Todavía puedo ir al campo. El contacto con la naturaleza me hace bien, me despeja la cabeza y me ayuda a sentirme vivo. Lo malo es que me hace poseedor de una comprensión mucho más global de lo que pasa en el mundo, como si, durante unos segundos, fuese capaz de entenderlo todo, lo humano y lo divino, lo astral y lo terrenal. Debe ser por el estado de paz en que coloca nuestros sentidos y por la magia tan especial que tiene ese silencio tan profundo que se produce en el campo. Con el mar sucede lo mismo pero al mar no creo que pueda ir porque me han dicho que me puedo bañar pero muy poco tiempo y con mucho cuidado, así que supongo que tendré que ir haciéndome a la idea de que nunca más disfrutaré del mar. Me da mucha pena, sobre todo porque no recuerdo cuándo fue la última vez que estuve.
Esa comprensión global del mundo que nos regala la naturaleza tiene que ver, me parece a mí, con el hecho de que nos conecta con nosotros mismos. Nos sensibiliza de arriba a abajo y nos hace conscientes de nuestra ínfima existencia en un mundo gigantesco. Claro que luego ya es nuestra imaginación la que se encarga del resto y se ocupa de poner nombres y apellidos a las cosas que sentimos pero, básicamente, no es más que eso: nos damos cuenta de lo pequeños que somos.
Naturalmente siendo tan pequeños todo se relativiza, por eso los problemas nos importan menos o, mejor dicho, parecen menos importantes de lo que son en realidad. En general tendemos a magnificar lo que nos pasa por esa tendencia absurda de situarnos en el centro del universo pero la verdad es que casi todo lo que nos agobia podría ser cambiado con un poco de voluntad, algo de trabajo y una pizca de suerte. Luego están los problemas realmente graves con los que poco se puede hacer. Como mucho terminar de aceptarlos y elegir con cuidado cuales son nuestros verdaderos enemigos para luchar empleando la fuerza precisa en el lugar correcto.

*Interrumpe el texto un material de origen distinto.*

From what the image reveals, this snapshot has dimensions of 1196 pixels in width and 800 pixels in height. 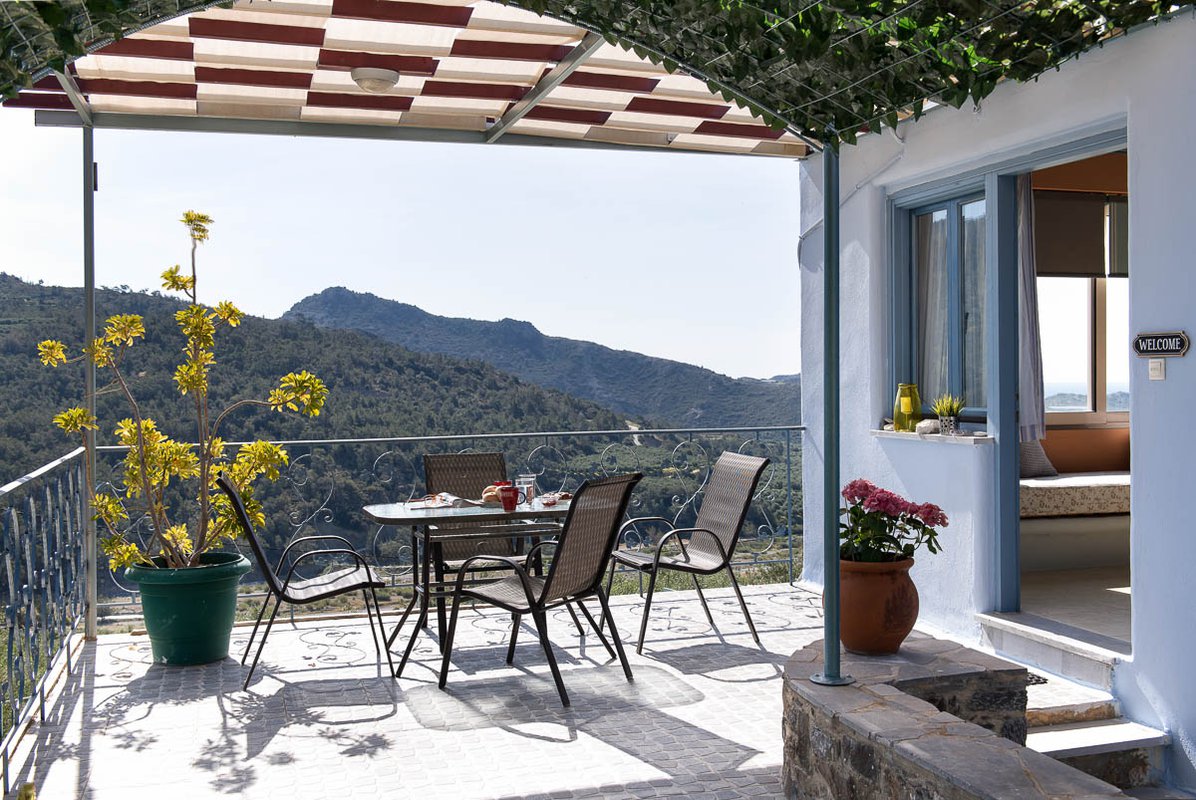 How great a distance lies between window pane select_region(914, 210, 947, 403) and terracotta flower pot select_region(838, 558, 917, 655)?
2.30 meters

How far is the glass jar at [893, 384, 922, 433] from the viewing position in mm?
5801

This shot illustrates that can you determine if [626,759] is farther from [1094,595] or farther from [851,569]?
[1094,595]

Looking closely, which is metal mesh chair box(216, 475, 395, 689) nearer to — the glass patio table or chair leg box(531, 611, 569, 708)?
the glass patio table

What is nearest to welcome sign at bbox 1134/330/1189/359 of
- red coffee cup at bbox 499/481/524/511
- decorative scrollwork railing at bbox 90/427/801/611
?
decorative scrollwork railing at bbox 90/427/801/611

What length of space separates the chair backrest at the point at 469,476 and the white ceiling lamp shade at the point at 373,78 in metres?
1.98

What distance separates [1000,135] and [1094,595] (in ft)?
8.02

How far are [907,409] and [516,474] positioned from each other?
7.34 feet

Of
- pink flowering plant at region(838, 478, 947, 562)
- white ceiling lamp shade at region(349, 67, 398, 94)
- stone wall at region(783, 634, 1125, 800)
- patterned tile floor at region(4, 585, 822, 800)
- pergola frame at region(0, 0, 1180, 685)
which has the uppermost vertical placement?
white ceiling lamp shade at region(349, 67, 398, 94)

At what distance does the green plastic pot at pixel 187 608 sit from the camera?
16.5 feet

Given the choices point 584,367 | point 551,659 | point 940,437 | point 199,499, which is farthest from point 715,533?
point 584,367

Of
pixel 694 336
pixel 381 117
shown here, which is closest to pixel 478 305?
pixel 694 336

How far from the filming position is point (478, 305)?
24.3 m

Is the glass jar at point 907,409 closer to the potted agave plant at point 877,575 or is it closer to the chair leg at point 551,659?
the potted agave plant at point 877,575

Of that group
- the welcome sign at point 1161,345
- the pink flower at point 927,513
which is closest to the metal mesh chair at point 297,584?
the pink flower at point 927,513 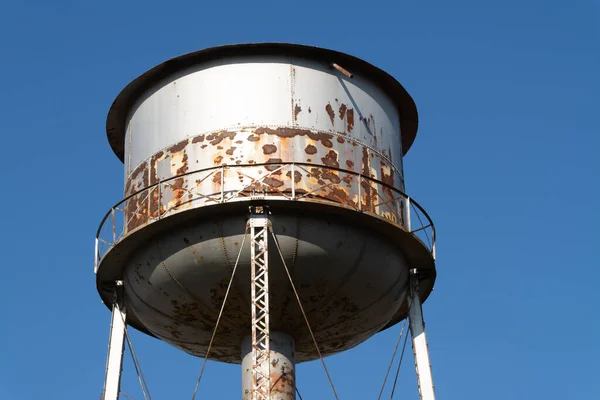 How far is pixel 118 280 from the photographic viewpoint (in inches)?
865

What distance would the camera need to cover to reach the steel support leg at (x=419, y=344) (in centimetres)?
2127

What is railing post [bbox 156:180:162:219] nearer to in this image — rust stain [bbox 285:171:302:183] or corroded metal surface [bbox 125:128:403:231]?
corroded metal surface [bbox 125:128:403:231]

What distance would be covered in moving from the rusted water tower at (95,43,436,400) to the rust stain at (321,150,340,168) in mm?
34

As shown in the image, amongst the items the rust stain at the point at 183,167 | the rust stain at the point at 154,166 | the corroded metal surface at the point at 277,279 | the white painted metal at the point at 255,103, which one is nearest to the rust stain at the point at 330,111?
the white painted metal at the point at 255,103

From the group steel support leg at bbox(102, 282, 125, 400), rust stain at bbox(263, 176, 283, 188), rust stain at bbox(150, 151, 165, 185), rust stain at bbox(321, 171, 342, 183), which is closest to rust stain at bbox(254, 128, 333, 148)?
rust stain at bbox(321, 171, 342, 183)

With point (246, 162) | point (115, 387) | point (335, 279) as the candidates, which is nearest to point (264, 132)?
point (246, 162)

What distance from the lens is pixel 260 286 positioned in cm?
1994

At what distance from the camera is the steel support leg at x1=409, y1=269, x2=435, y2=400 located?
2127cm

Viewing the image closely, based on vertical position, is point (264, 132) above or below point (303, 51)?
below

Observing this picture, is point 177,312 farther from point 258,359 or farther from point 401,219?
point 401,219

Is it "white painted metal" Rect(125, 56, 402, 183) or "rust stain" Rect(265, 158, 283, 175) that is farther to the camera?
"white painted metal" Rect(125, 56, 402, 183)

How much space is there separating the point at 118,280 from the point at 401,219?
4.75 metres

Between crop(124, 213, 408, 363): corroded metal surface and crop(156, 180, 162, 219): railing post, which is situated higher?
crop(156, 180, 162, 219): railing post

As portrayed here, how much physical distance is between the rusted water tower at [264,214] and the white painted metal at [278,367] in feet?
0.08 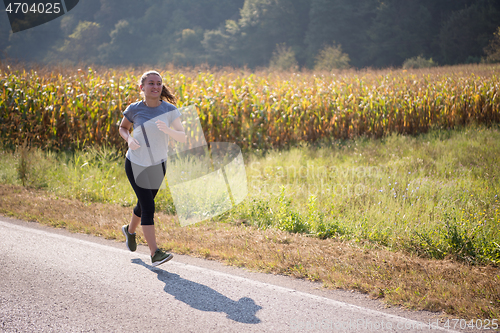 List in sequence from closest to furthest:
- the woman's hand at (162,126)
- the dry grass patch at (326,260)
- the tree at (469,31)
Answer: the dry grass patch at (326,260), the woman's hand at (162,126), the tree at (469,31)

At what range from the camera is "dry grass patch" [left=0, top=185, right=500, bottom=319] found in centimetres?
351

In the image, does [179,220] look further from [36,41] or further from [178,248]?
[36,41]

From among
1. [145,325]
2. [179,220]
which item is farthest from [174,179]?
[145,325]

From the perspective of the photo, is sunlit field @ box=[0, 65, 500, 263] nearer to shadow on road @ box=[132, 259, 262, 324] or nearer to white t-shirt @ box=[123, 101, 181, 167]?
shadow on road @ box=[132, 259, 262, 324]

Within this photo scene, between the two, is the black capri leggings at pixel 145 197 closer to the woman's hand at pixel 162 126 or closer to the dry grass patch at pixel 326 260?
the woman's hand at pixel 162 126

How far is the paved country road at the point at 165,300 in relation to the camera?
3.14 m

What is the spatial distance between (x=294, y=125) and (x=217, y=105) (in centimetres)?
250

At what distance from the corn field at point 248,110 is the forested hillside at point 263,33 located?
61.2ft

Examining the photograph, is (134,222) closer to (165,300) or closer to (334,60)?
(165,300)

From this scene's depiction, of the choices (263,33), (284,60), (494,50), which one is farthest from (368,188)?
(263,33)

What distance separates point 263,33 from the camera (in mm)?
52906

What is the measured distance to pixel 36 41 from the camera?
206 feet

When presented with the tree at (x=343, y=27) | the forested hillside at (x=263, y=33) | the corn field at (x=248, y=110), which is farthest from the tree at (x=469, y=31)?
the corn field at (x=248, y=110)

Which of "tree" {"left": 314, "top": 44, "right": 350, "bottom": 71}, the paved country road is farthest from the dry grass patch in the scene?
"tree" {"left": 314, "top": 44, "right": 350, "bottom": 71}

Hace unos días, caminando con mi chica por el campo de olivos, me invadió una extraña paz y le dije que era feliz. Ante su extrañeza inicial le hice ver que vivíamos juntos, sin necesidad de trabajar, con mucho tiempo para convivir, conocernos a la perfección y gozarnos mutuamente, con mucho tiempo, además, para desarrollar nuestras aficiones y disfrutar de la música o del silencio, comiendo cosas ricas todos los días y sin más preocupaciones que la salud. Visto así no está tan mal. Fueron los olivos, la naturaleza misma, la encargada de hacerme llegar un sentimiento tan positivo. En aquel momento me sentí relajado y pleno, tranquilo y en paz.
Incluso, por unos instantes, me olvidé de que tenía cáncer. Claro que no fue más que una ilusión momentánea, una visión parcial del mundo producto de la euforia del momento, pero ambos sentimos esa euforia y pudimos comprobar que había mucha verdad en ella.
La verdad que te susurra la naturaleza siempre que la sepas escuchar y estés dispuesto a ello.